Cumberland River Compact By-Laws
Article I: Name and Office
Section 1: The NAME of this corporation shall be Cumberland River Compact (CRC). CRC is a nonprofit corporation organized and existing under the state of Tennessee.
Section 2: The principal office and mailing address shall be determined by the Board of Directors. Unless otherwise fixed, it shall be P.O. Box 41721, Nashville, TN 37204.
Article II: Purpose:
The purpose of the CRC is to enhance the water quality of the Cumberland River and its tributaries through education and by promoting cooperation among citizens, businesses and agencies in Kentucky and Tennessee. CRC shall be operated as may qualify it for tax exempt status under section 501 (c)(3) of the Internal Revenue Code (or the corresponding provision of any future United States Internal Revenue Law).

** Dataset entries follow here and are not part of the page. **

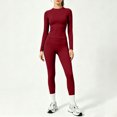 thumbnail image 2 of Women's 2 Piece Yoga Sets Quick-Dry Gym Workout Tracksuit High Waist Running Leggings & Long Sleeve Top Outfits Wine S, 2 of 6
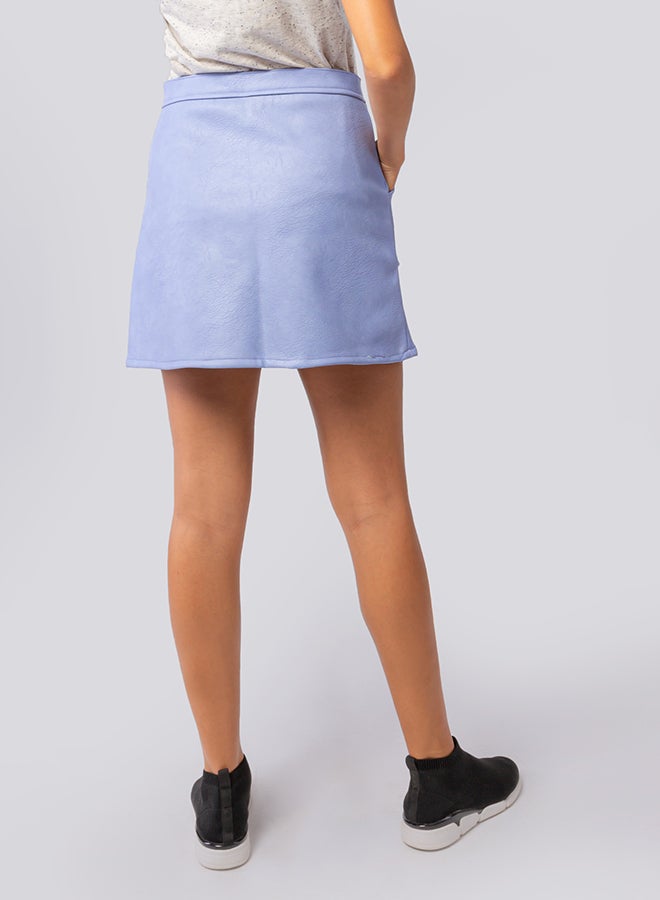 Youthful - Leather Look Mini Skirt With Pockets Purple - Image 1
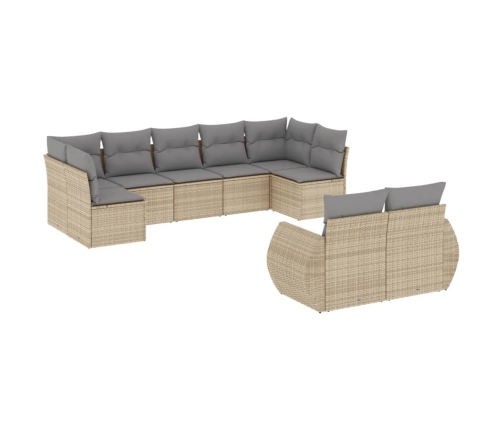 Set de sofás de jardín 9 pzas con cojines ratán sintético beige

Article III: Regional Divisions
To facilitate operations of the CRC in relation to the widely spread geographical areas, the Board is authorized to establish such regions as it deems appropriate.
Article IV: Membership and Dues
Section 1: Any individual or organization interested in the mission of the CRC may become a member upon written application accompanied by payment of annual dues for which application is made. Those who have donated the minimum dues or more to the Compact are also members. Membership is on an annual basis.

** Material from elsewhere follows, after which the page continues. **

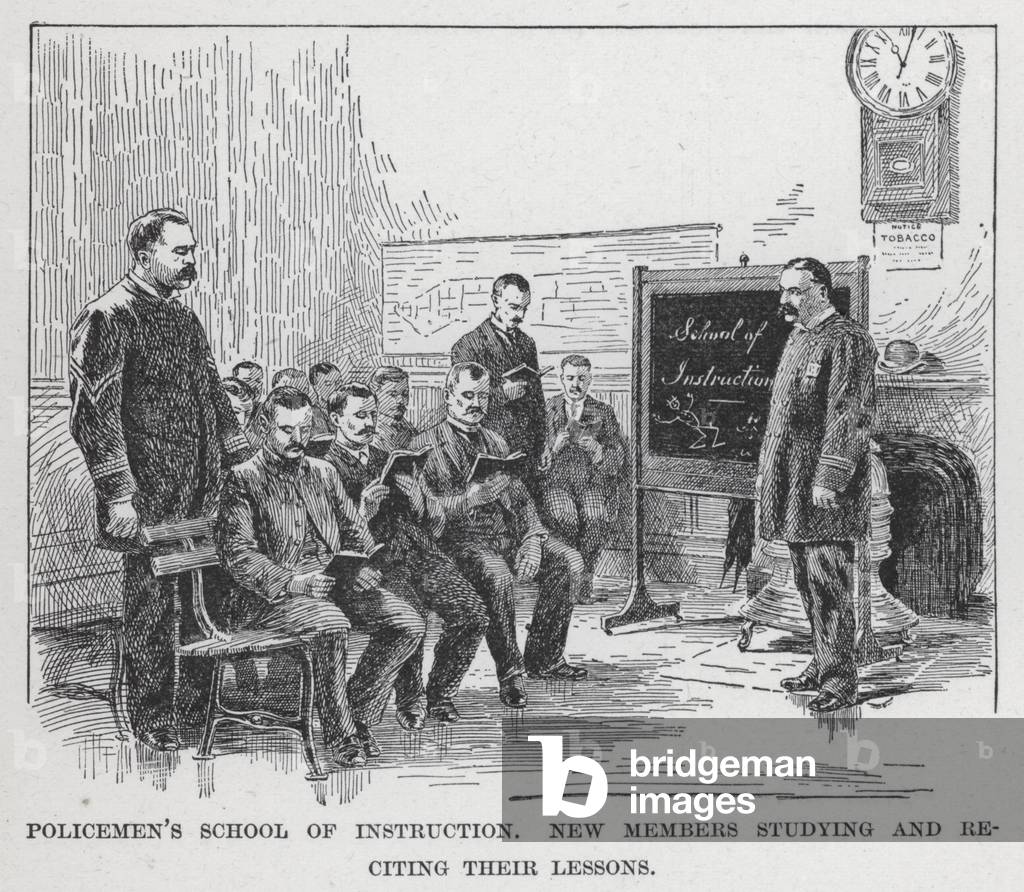 Policemen's School of Instruction, New Members studying and reciting their Lessons (litho)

Section 2: The annual membership dues shall be set by the Board. The Board may exempt any member from dues.
Article V: Meetings and Voting
Section 1: There shall be at least one Annual meeting of the general membership at the time and place as set by the Board. Written notification shall be made at least 30 days in advance.

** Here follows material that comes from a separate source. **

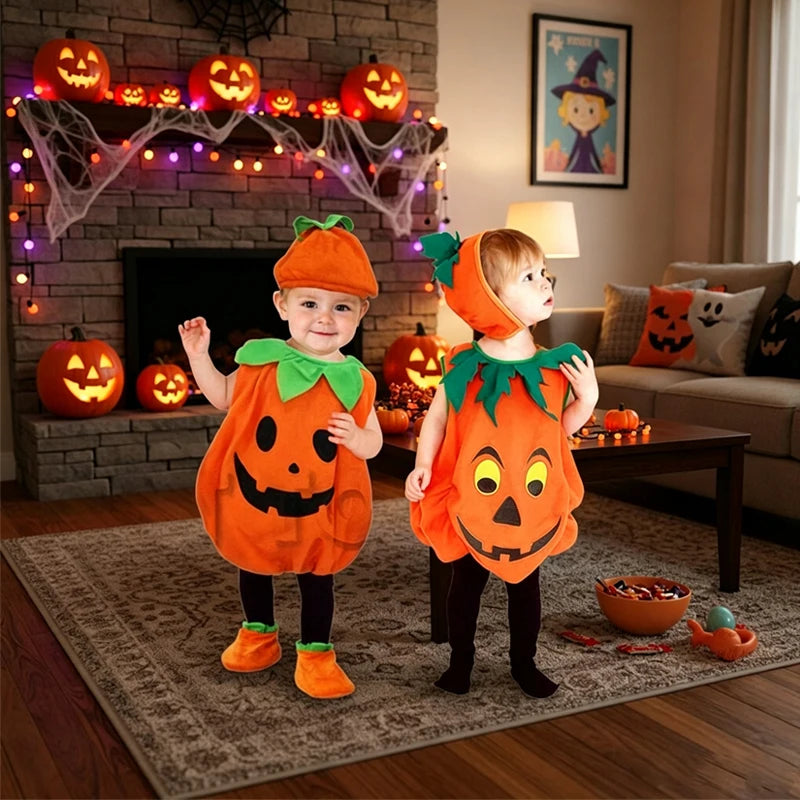 2026 Baby Girls Boys Children Jumpsuit Halloween Pumpkin Cos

Article VI: Board of Directors and Executive Committee
Section 1: COMPOSITION of the Board of Directors shall consist of not less than 12 and not more than 25 Directors.
Section 2: FUNCTIONS and RESPONSIBILITIES: The Board provides representation, leadership, and focus for the CRC in carrying out its purposes.
Section 3: ELECTIONS: New and repeat Board Members shall be elected at any of the quarterly Board meetings or the annual meeting of the Compact for a term of three years and a maximum of three consecutive terms. Incomplete terms can be filled only to the end of the term being filled. Each quarter, Board members at the end of a three year term may be renominated or new candidates (determined by the Nominating Committee) may be nominated as required.
Section 4: SELECTION: Candidates for the Board shall be elected from the slate prepared by the Nominating Committee (a standing committee of board members) or nominations from the floor.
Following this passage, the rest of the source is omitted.